A video documentary currently available on Youtube has shown that there were indeed visible trans people who were fully accepted within the Nigerian society.
Most people like to argue and claim that homosexuality and queerness is some sort of a plague brought in by colonialist to ‘corrupt’ the ‘African culture’. As evidently seen, this is completely untrue and inaccurate with well established facts backed up by history.
A post which appeared on Ynaija.com accurately described nothing but the truth, obviously making clear that it was even actually the colonialist who brought in homophobia to Africa.
Read part of the well written and thoughtful article below.

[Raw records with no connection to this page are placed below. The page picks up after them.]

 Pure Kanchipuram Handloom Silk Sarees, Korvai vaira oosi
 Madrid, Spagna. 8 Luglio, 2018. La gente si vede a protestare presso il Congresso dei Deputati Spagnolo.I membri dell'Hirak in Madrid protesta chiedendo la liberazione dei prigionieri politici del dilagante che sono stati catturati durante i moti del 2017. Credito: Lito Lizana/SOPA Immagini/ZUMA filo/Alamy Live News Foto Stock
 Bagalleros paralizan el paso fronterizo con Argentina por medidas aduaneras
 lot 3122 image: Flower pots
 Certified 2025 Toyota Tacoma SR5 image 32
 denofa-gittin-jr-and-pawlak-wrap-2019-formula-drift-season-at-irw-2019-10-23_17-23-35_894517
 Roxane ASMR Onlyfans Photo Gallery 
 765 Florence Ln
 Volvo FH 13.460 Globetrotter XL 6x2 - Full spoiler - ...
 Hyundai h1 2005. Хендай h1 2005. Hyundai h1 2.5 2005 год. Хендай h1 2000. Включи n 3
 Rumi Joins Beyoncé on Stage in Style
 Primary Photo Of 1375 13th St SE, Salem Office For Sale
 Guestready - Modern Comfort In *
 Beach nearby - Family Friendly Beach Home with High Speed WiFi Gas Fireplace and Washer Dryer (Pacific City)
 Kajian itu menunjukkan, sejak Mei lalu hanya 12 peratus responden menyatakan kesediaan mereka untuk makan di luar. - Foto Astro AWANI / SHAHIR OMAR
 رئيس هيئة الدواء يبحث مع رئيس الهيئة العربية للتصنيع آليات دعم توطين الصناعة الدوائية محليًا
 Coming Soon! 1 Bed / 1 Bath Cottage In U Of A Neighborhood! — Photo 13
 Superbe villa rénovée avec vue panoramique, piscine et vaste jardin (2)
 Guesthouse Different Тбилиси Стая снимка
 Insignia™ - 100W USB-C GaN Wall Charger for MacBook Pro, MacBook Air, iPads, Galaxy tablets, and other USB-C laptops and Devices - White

Colonialist actually brought a firebrand, intolerant strain of Christianity which they used to oppress and cause divisions in Nigeria, divisions we are still trying to heal. And as for post-colonial white people, they were merely doing the same thing we are doing now, rejecting the divisive and discriminatory religious projections they too had been convinced to accept as fact. But when we explain that Nigerians have always had homosexuality and queerness, and often displayed this queerness publicly without shame or ostracisation from their home communities, we are told we are lying. There is often nothing but anecdotal evidence to support the claims of LGBT people and their allies.
Well not anymore.
Thanks to this documentary recently uploaded on the internet, from circa early to mid-1970’s post-civil war Nigeria, is the story of a Nigerian (Igbo) transwoman Area Scatter. The documentary says that after the civil war, Area Scatter secluded herself for 7 months and 7 days, probably to grow out her hair and reorient herself with the articles of feminity and emerged as a woman, choosing to become an entertainer. Area Scatter performed for everyone, even royalty, including the Igwe of her town.
It is important to note that Area Scatter did not ‘pass’ as female in any way, post transitioning. She still had facial hair, which she didn’t shave, and she didn’t conceal her masculine body or go to great lengths to physically feminise herself other than, stuffing her bra. She didn’t have to pass as female to be accepted in 1970’s Eastern Nigeria.